Day 7 NaNoWriMo– Written 2269 words tonight and total now is 13874 words. I received a lovely FB message today saying how the lady writing had been inspired to do acting classes based on my blog and also was getting her artistic daughter to read some of my posts on forgetting about perfectionism. Anyone who knows me knows well that being perfect isn’t within my grasp anyway and I have learnt that being strong and wrong is very important. The past negative opinions of others about my creativity, my voice, my acting, my humour, my (fill in the blanks….) are varied and fabulous, I dont really hear them nor do I bother trying to listen (hence I never read reviews) and thus I can speak from a mountain of experience on being strong and wrong.
Yet my ability to be strong and wrong led me to being one of 6 people asked to be megaphonistas in May to sing outside the South Bank solo through a white megaphone, dressed in white (basically looking like an angel from hell 😉 to bring in the band and the choirs. It was our very ability to not care if we got it wrong (important when you are dealing with the public in an open entertainment situation) and to carry on, that meant we got picked.
I have been strong and wrong on so many things in my life, but at least it means I fall forward.
There is a great story about Herbie Hancock playing in a set with the legendary Miles Davis and hitting accidentally a wrong note. A note so bad, that it wasn’t even in any associated keys, it hit and hung in the air like a clanger. Miles Davis though just nodded over to Herbie as if to say ‘I can hear you man’ and took that wrong note and made it magically right, he weaved Herbie’s wrong note and played the hell out of it, made it exquisitely right.
‘….. touring with Davis in the 1960s. They were playing in Europe and were having an especially good night, the audience rapt.
“And just as Miles was about to start his solo for ‘So What,’ at the peak of the concert, I hit a note that was so wrong I thought I had crumbled the show down like a falling tent,” he recalled.
“And Miles took a breath, and played some notes that made my note right.

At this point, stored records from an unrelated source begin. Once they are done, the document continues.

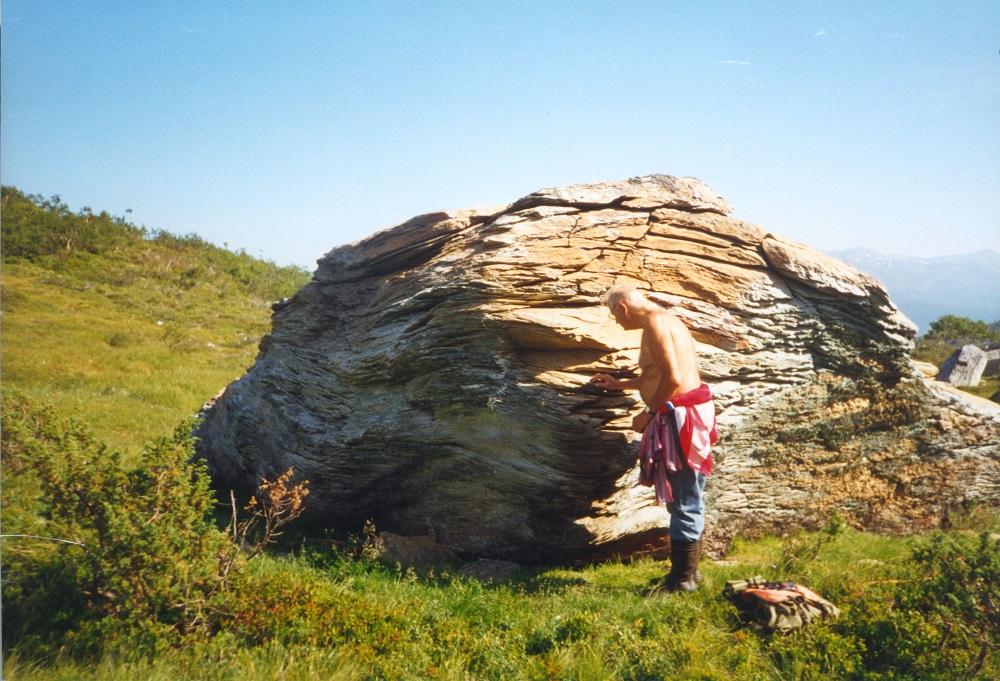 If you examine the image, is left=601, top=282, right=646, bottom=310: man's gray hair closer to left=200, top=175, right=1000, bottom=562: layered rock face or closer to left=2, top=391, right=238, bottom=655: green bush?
left=200, top=175, right=1000, bottom=562: layered rock face

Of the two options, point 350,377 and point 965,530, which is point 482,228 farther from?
point 965,530

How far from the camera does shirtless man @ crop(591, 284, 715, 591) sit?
7918 millimetres

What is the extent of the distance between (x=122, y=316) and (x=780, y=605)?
109ft

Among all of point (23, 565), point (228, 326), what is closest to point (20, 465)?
point (23, 565)

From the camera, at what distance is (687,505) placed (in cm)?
809

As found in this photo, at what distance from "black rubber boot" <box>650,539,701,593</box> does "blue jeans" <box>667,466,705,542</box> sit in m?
0.10

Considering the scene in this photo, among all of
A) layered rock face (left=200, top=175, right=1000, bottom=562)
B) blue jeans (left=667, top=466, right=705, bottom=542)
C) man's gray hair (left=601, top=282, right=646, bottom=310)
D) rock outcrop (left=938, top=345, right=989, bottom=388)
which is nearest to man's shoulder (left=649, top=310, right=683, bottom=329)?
man's gray hair (left=601, top=282, right=646, bottom=310)

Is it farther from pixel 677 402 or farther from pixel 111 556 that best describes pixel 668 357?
pixel 111 556

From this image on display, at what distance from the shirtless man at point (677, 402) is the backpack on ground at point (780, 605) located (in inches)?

It took me years to understand that Miles didn’t judge what I played. He worked with it. That lesson wasn’t just about music. It was about life.” Quote from here
I did a Podcast on being strong and wrong as an artist, and I think we must hear this message over and over, ‘ do your work, do it to the best of your abilities, show the world, ignore the press, and then do some more work’ Yes we need better technique – but I don’t know a better way to practise than in the eye of the storm of a public viewing or concert.
Plus have a listen to a very successful artist, Liz Ranken’s podcast ‘Just do it, dont care what anyone else thinks’
However I love the fact that I now today I inspired someone to be more creative, to listen to their heart and go take a class in something they had an interest in. That someone else in this world this week is taking a step into the scary creative unknown, just as I am delving further onto the mysteries of my ‘possibly world’s worst novel’ as the words fly out of me and onto the page 😉
I would love to hear from people 😉
I also advised them to read The Artists Way by Julia Cameron if you havent go get a copy now, do the weekly exercises and watch your artistic life and confidence grow 😉
P.S I saw this great link on Backstage
When It Is OK To Work for Free as an Actor | Backstage.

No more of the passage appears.